:: What is required ::
Write out, word for word and with no pictures, each line below from the one containing "With the powerful" through the one containing "Emily is going", both included, and no other line.

Top of Source information

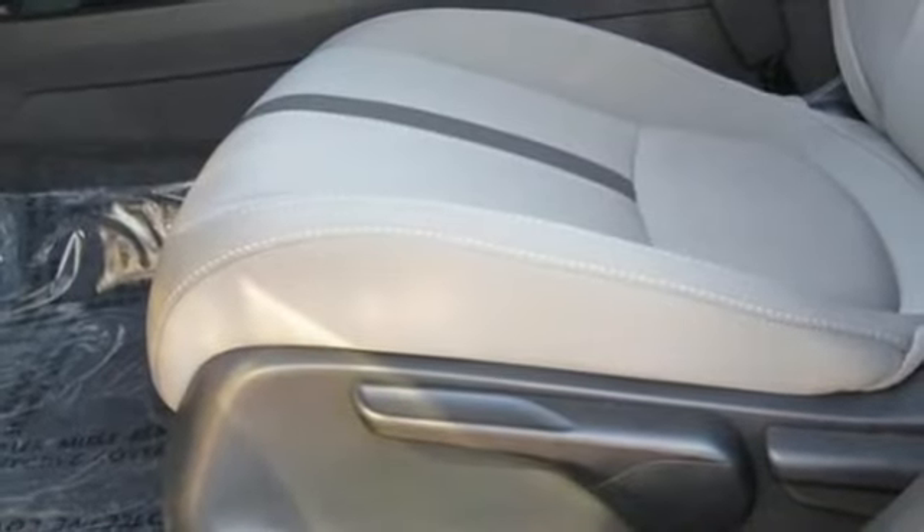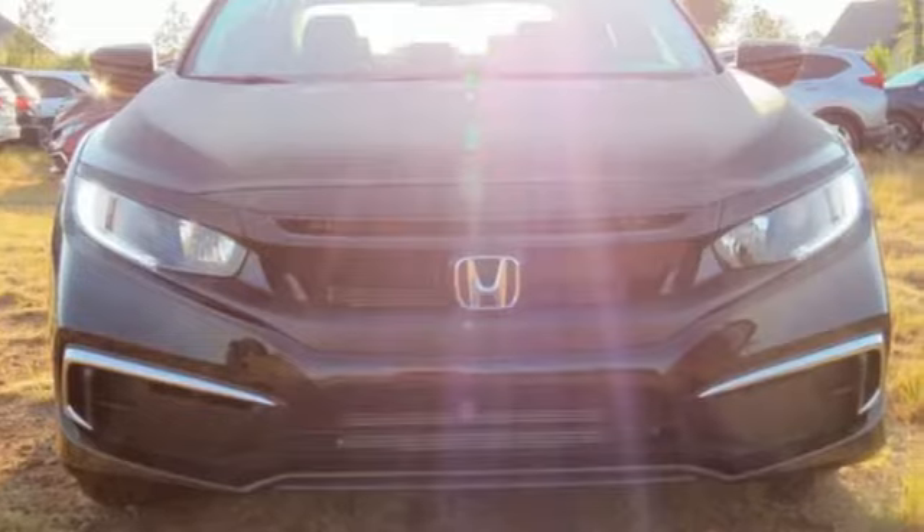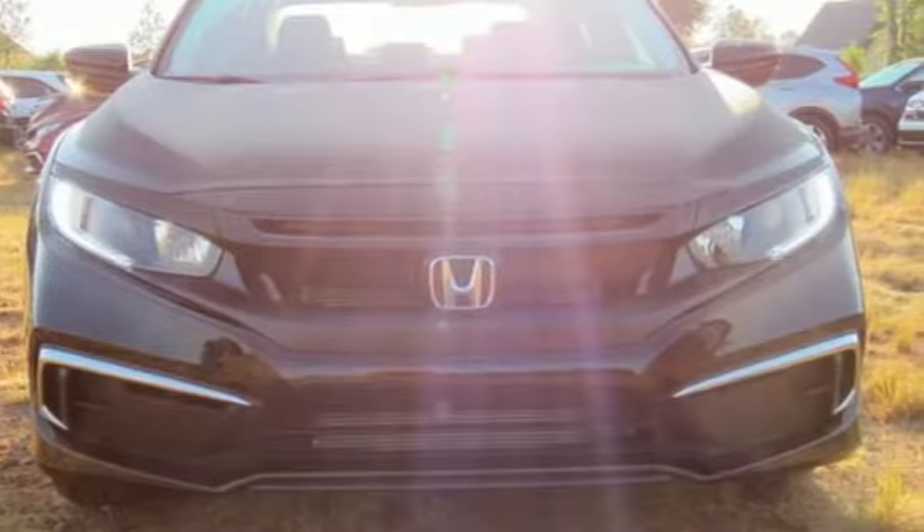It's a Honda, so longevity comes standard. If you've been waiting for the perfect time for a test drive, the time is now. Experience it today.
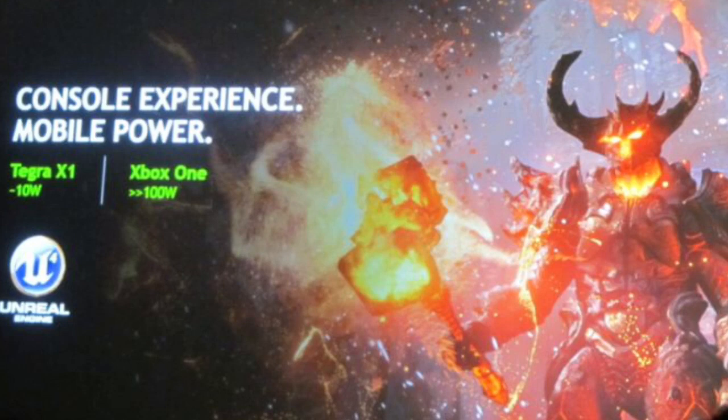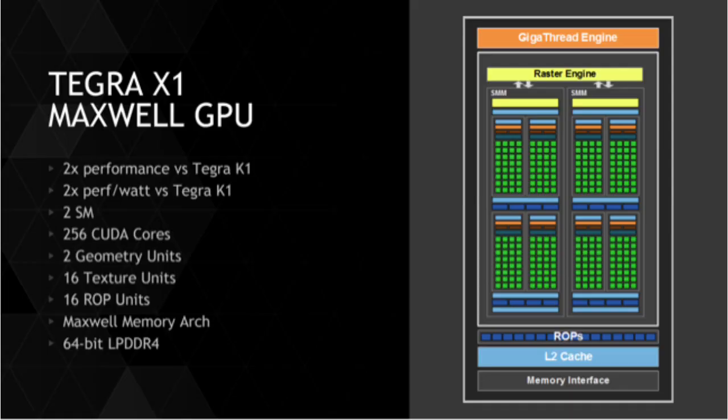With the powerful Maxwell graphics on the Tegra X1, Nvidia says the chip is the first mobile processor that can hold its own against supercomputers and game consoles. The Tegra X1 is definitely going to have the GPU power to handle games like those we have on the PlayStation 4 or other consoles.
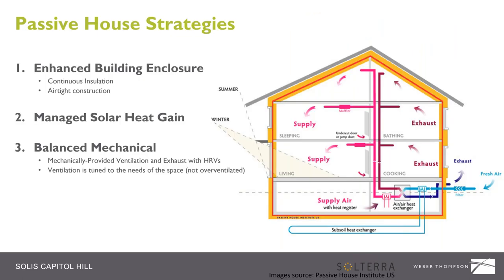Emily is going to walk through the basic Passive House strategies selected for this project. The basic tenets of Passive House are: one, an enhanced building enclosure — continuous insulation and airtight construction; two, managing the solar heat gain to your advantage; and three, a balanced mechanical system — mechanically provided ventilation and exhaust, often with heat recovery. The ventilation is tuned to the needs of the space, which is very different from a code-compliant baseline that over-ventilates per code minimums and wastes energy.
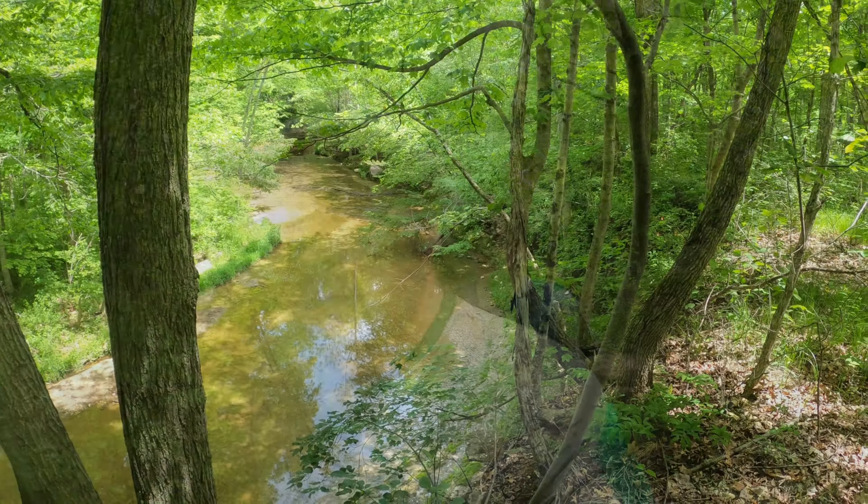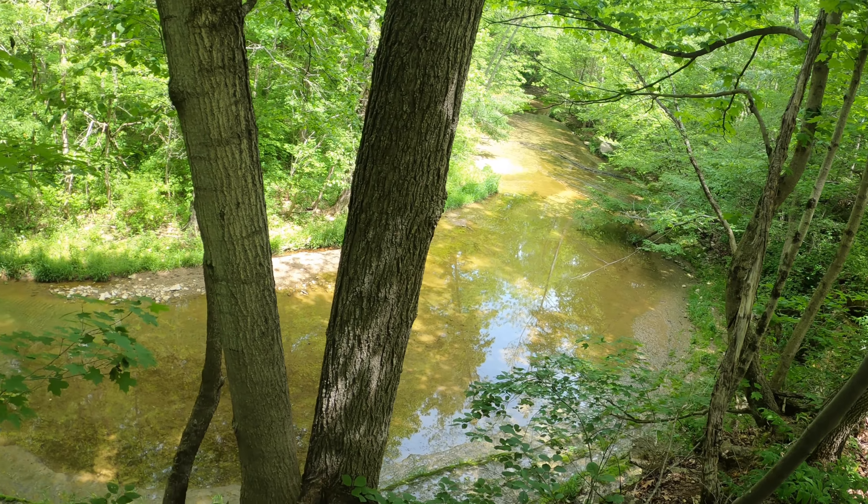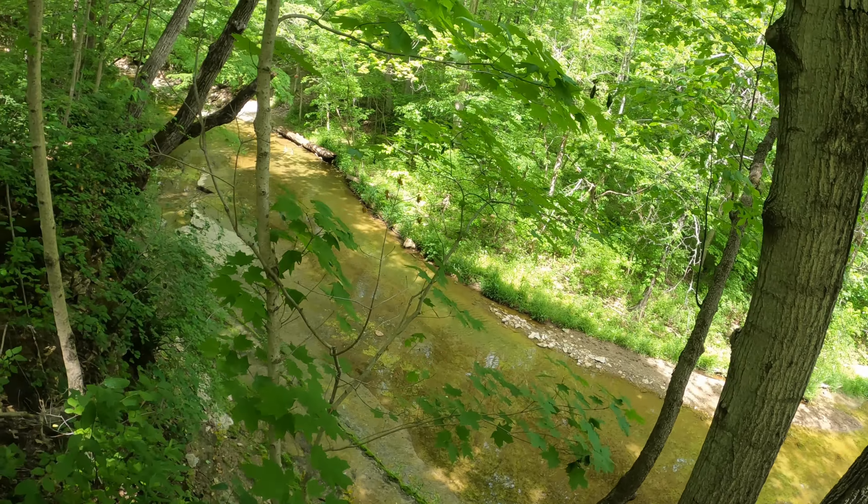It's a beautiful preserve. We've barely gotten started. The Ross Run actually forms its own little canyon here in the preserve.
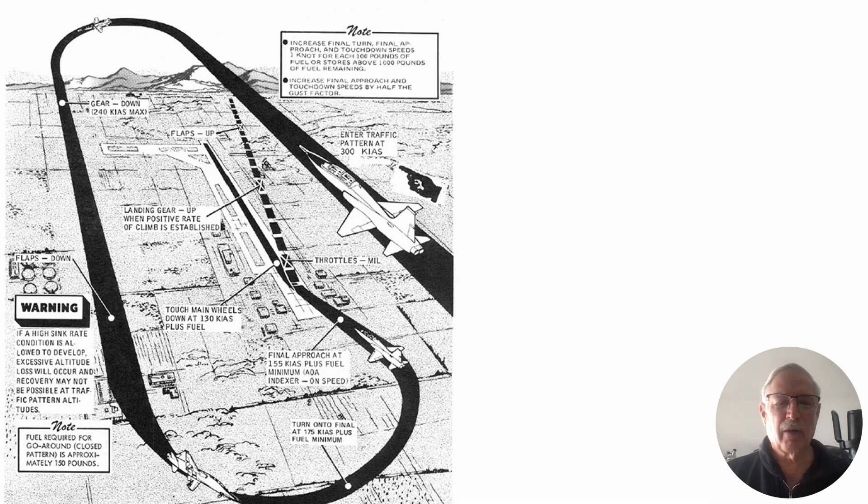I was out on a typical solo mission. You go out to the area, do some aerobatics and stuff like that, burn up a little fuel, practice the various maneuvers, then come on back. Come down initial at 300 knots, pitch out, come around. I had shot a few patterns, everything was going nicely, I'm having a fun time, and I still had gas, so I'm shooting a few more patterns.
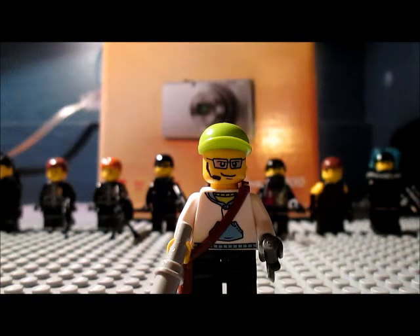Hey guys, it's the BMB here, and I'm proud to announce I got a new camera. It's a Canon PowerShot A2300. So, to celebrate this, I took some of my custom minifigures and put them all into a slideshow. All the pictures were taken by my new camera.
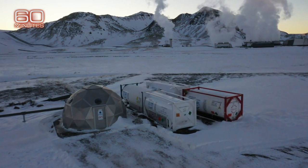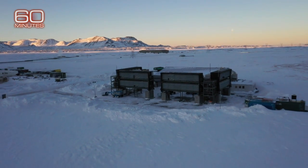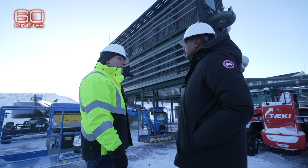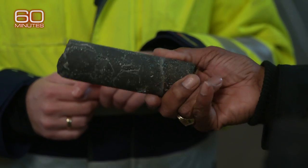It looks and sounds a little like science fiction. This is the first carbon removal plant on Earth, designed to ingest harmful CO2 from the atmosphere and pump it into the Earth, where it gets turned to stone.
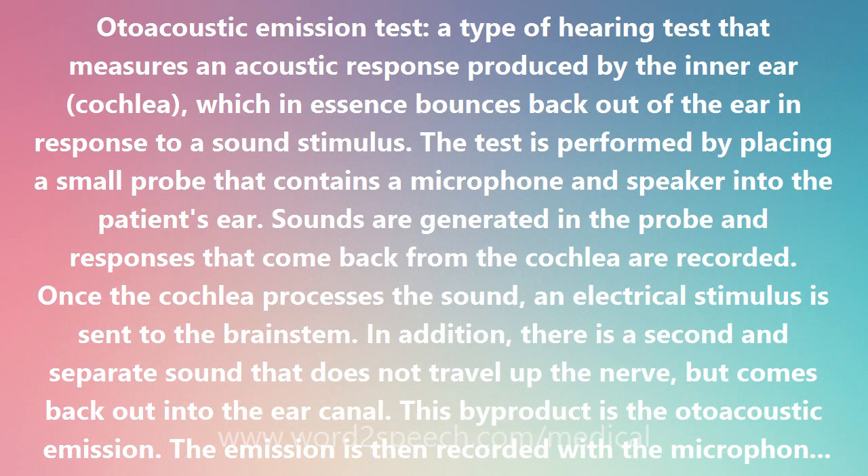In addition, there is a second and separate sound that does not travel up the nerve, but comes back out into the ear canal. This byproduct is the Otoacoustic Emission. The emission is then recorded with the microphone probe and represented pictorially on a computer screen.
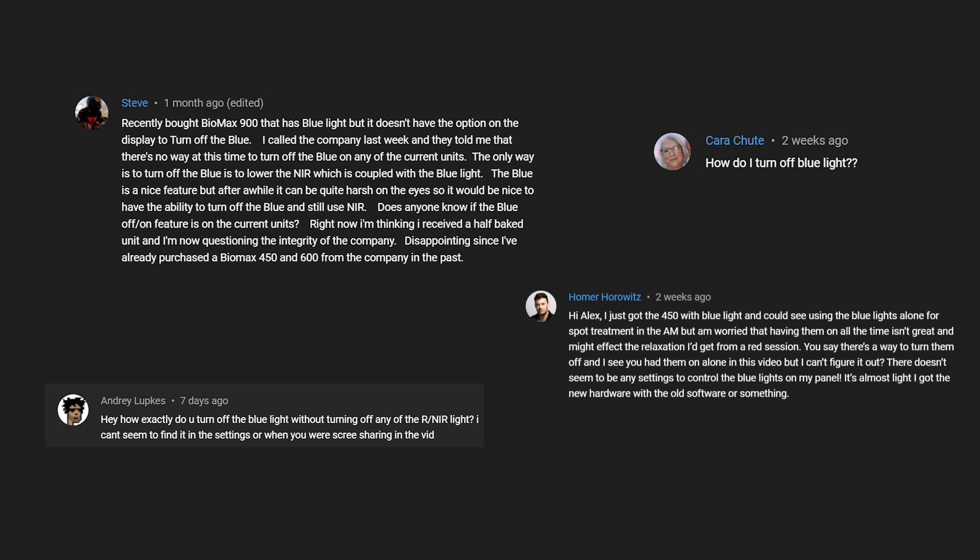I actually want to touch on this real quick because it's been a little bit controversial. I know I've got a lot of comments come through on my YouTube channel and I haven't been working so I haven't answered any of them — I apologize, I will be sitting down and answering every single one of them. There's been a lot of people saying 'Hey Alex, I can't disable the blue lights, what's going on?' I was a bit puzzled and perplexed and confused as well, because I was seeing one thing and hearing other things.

Bottom of Source information

:: Answer to this problem ::
With the powerful Maxwell graphics on the Tegra X1, Nvidia says the chip is the first mobile processor that can hold its own against supercomputers and game consoles. The Tegra X1 is definitely going to have the GPU power to handle games like those we have on the PlayStation 4 or other consoles.
Emily is going to walk through the basic Passive House strategies selected for this project. The basic tenets of Passive House are: one, an enhanced building enclosure — continuous insulation and airtight construction; two, managing the solar heat gain to your advantage; and three, a balanced mechanical system — mechanically provided ventilation and exhaust, often with heat recovery. The ventilation is tuned to the needs of the space, which is very different from a code-compliant baseline that over-ventilates per code minimums and wastes energy.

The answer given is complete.